Antibiotic medicines

What is an antibiotic?

Antibiotics, also known as antimicrobial drugs, are drugs that fight infections caused by bacteria. Alexander Fleming discovered the first antibiotic, penicillin, in 1927. After the first use of antibiotics in the 1940s, they transformed medical care and dramatically reduced illness and death from infectious diseases.

The term "antibiotic" originally referred to a natural compound produced by a fungus or another microorganism that kills bacteria which cause disease in humans or animals. Some antibiotics may be synthetic compounds (not produced by microorganisms) that can also kill or inhibit the growth of microbes. Technically, the term "antimicrobial agent" refers to both natural and synthetic compounds; however, many people use the word "antibiotic" to refer to both. Although antibiotics have many beneficial effects, their use has created the new problem of antibiotic resistance.

Antibiotics may be informally defined as the subgroup of anti-infectives that are derived from bacterial sources and are used to treat bacterial infections. Other classes of drugs, most notably the sulfonamides, may be effective antibacterials. Similarly, some antibiotics may have secondary uses, such as the use of demeclocycline (Declomycin, a tetracycline derivative) to treat the syndrome of inappropriate antidiuretic hormone (SIADH) secretion. Other antibiotics may be useful in treating protozoal infections.

Recommended usage

To minimize risk of adverse reactions and development of resistant strains of bacteria, antibiotics should be restricted to use in cases where there is either known or a reasonable presumption of bacterial infection. The use of antibiotics in viral infections is to be avoided. Avoid use of fluroquinolones for trivial infections.

In severe infections, presumptive therapy with a broad-spectrum antibiotic such as a 3rd generation cephalosporin may be appropriate. Treatment should be changed to a narrow spectrum agent as soon as the pathogen has been identified. After 48 hours of treatment, if there is clinical improvement, an oral antibiotic should be considered.

Antibiotic resistance

Antibiotic resistance is the ability of bacteria or other microbes to resist the effects of an antibiotic. Antibiotic resistance occurs when bacteria change in some way that reduces or eliminates the effectiveness of drugs, chemicals, or other agents designed to cure or prevent infections. The bacteria survive and continue to multiply causing more harm.
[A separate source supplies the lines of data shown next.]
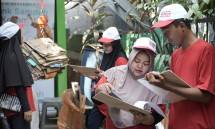 Pengurus bank sampah melakukan penimbangan dan pencatatan saldo nasabah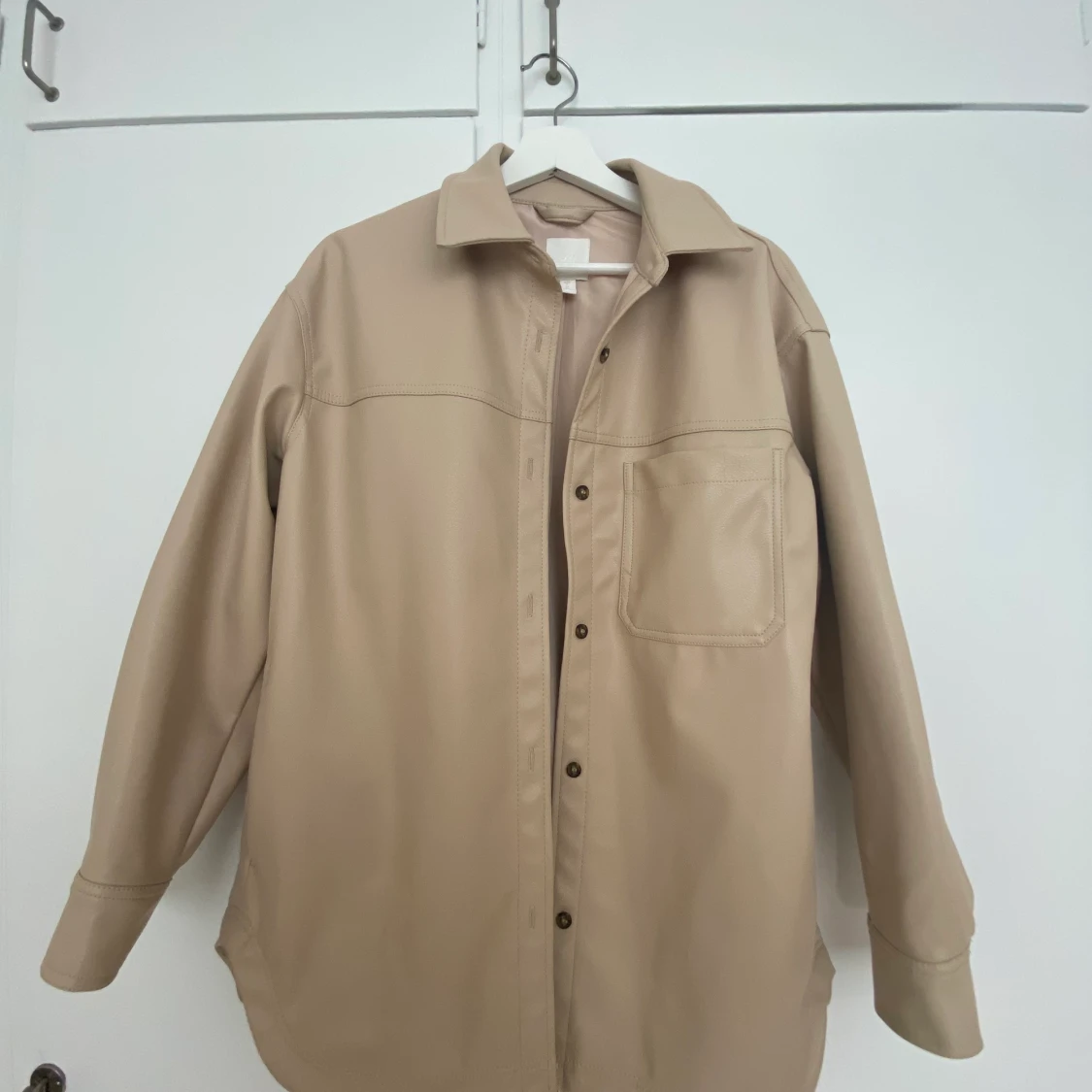 Beige Skinn Skjorta från HM - 90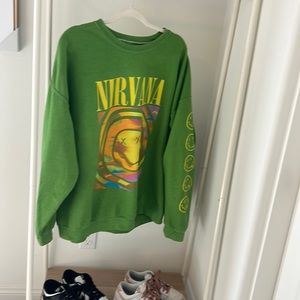 TRENDY URBAN OUTFITTERS NIRVANA crewneck barely worn only washed a couple times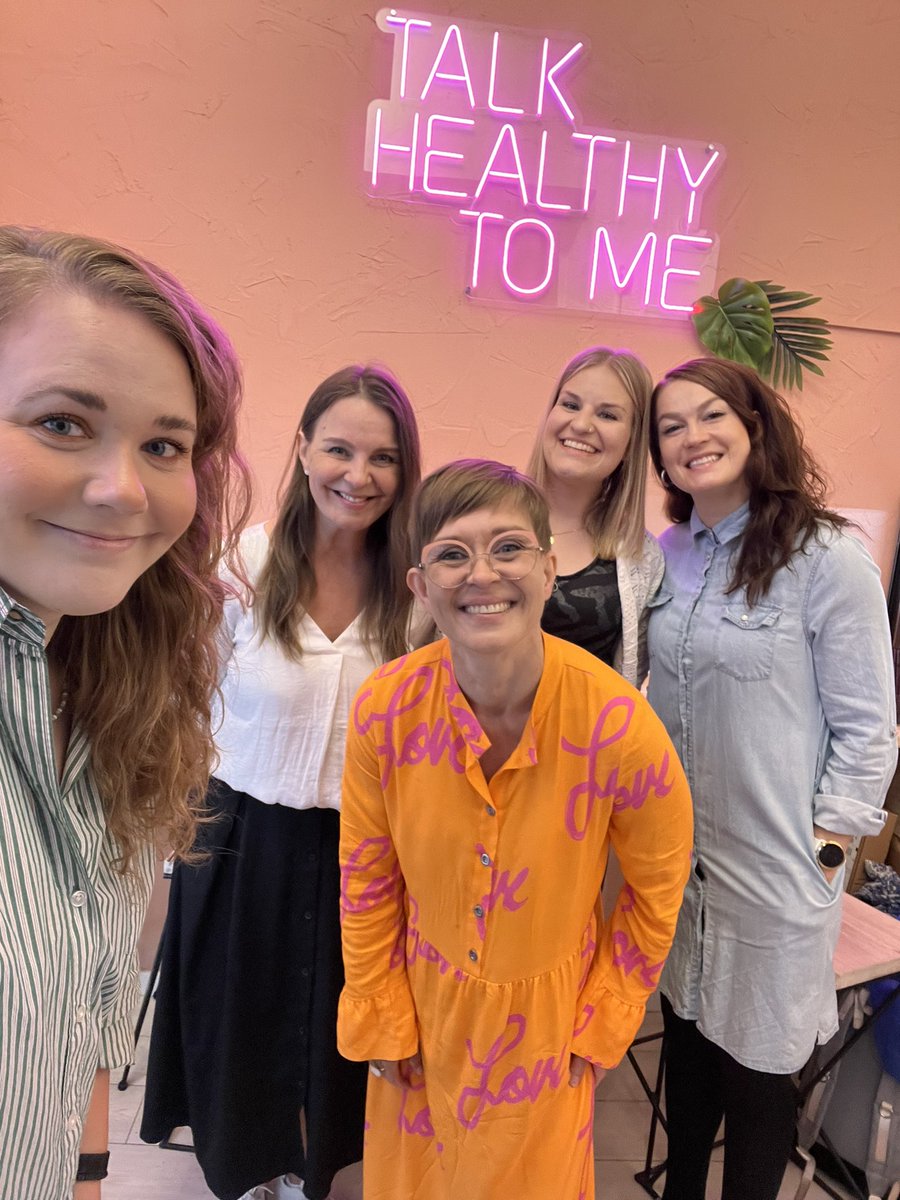 Meillä on mahtava tiimi! 😍❤️🦉Ja tänään oli superkiva tiimipäivä! Jätän tän vaan tällä erää tähän. Hymyt puhukoot puolestaan. #pöllöjengi 📸: <a href="/MTVSuomi/">MTV</a> Reputation &amp; Responsibility -tiimi vasemmalta oikealle: <a href="/TeaSiikonen/">Tea Siikonen</a>, @TiinaNummenmaa, <a href="/jotontt/">Johanna Tonttila</a>, Sara Pitkänen &amp; Henna Väänänen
Antibiotic resistance has been called one of the world's most pressing public health problems. Over the last decade, almost every type of bacteria has become stronger and less responsive to antibiotic treatment when it is really needed. These antibiotic-resistant bacteria can quickly spread to family members, schoolmates, and co-workers - threatening the community with a new strain of infectious disease that is more difficult to cure and more expensive to treat. For this reason, antibiotic resistance is among CDC's top concerns.

Antibiotic resistance can cause significant danger and suffering for children and adults who have common infections, once easily treatable with antibiotics. Microbes can develop resistance to specific medicines. A common misconception is that a person's body becomes resistant to specific drugs. However, it is microbes, not people, that become resistant to the drugs.

If a microbe is resistant to many drugs, treating the infections it causes can become difficult or even impossible. Someone with an infection that is resistant to a certain medicine can pass that resistant infection to another person. In this way, a hard-to-treat illness can be spread from person to person. In some cases, the illness can lead to serious disability or even death.

Antibiotic use promotes development of antibiotic-resistant bacteria. Every time a person takes antibiotics, sensitive bacteria are killed, but resistant germs may be left to grow and multiply. Repeated and improper uses of antibiotics are primary causes of the increase in drug-resistant bacteria.

While antibiotics should be used to treat bacterial infections, they are not effective against viral infections like the common cold, most sore throats, and the flu. Widespread use of antibiotics promotes the spread of antibiotic resistance. Smart use of antibiotics is the key to controlling the spread of resistance.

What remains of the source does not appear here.